Благо теперь другие времена. На Ораниенбаумском плацдарме было тесно от массы войск и техника была иная. И Балтийский флот пополнился малыми кораблями, получил необходимую технику, и главным образом новейшие самолеты.

В. Ф. Трибуц вместе с Федюнинским находились на наблюдательном пункте, откуда до переднего края было, что называется, рукой подать. Сюда были подтянуты все средства связи с фортами, береговыми батареями, кораблями, морской авиацией.

В преддверии того, что предстоит многодневная напряженная работа, Федюнинский советовал адмиралу отдохнуть, а сам глаз не сомкнул. Не спал и Трибуц. Еще и еще раз все проверял, уточнял, созванивался то с начальником штаба флота, то с командиром Кронштадтской базы, то с командующим Военно-Воздушными Силами...

Поскольку флот должен будет поддерживать не только 2-ю ударную армию генерала Федюнинского, но и 42-ю армию генерала Н. Н. Масленникова, которая начнет наступление из-под Пулкова, В. Ф. Трибуц принял решение — всю корабельную и береговую артиллерию объединить в пять групп. Первая будет сопровождать войска 2-й ударной армии, вторая, третья и четвертая должны участвовать в наступлении 42-й армии. Пятую группу составляла бригада морской железнодорожной артиллерии.

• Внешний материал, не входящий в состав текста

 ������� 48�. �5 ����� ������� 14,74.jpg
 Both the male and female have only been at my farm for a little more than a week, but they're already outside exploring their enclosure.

Она была самой мощной, дальнобойной и скорострельной: шестьдесят три орудия могли за одну минуту выпустить на врага свыше двадцати трех тысяч килограмм металла. Ей-то и предстояло в первую очередь вскрывать долговременную оборону противника, разрушать узлы сопротивления и опорные пункты в тактической глубине обороны врага.

Сколько сил и времени потребовалось на подготовку материальной части, подвоза боеприпасов, «привязку» огневых позиций корабельной и морской железнодорожной артиллерии к местности! Не говоря уже о том, что стрелять надо было не в божий свет как в копеечку, а предварительно разведать цели и составить плановые таблицы.

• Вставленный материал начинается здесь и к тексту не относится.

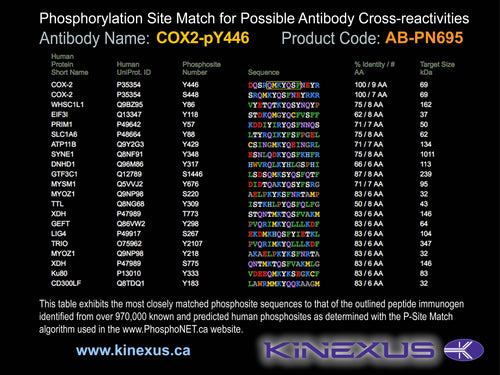 AB-PN695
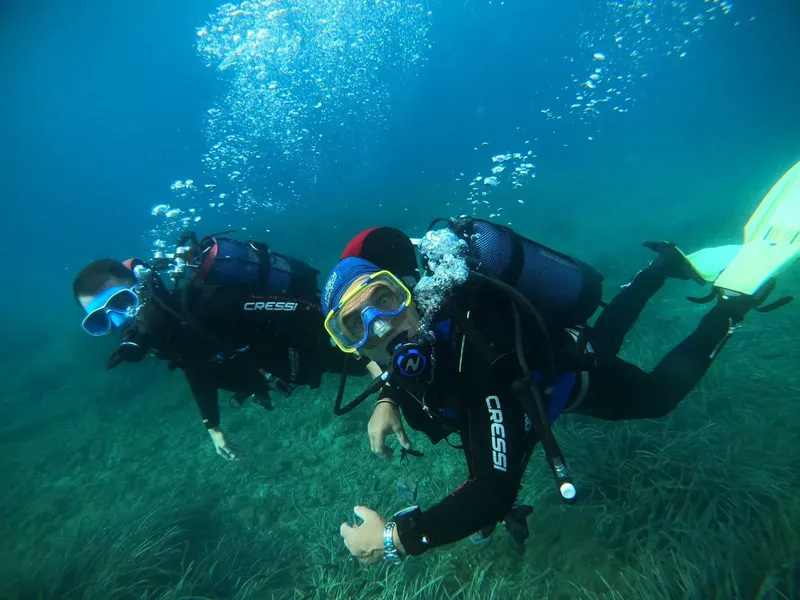 Trois plongeurs en combinaison explorent les fonds marins avec leurs équipements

Последняя ночь была долгой, томительной. Поведение противника ничем особым не отличалось. С той стороны иногда постреливали, иногда в воздух взвивались ракеты, озаряя снежную целину.

В. Ф. Трибуц находился на наблюдательном посту артиллеристов, вблизи от переднего края.

— Вот видите, противник наш замысел, кажется, не разгадал, — сказал он.

— Тем лучше, — отозвался хозяин КП — подполковник Проскурин. — Значит, на нашей стороне внезапность.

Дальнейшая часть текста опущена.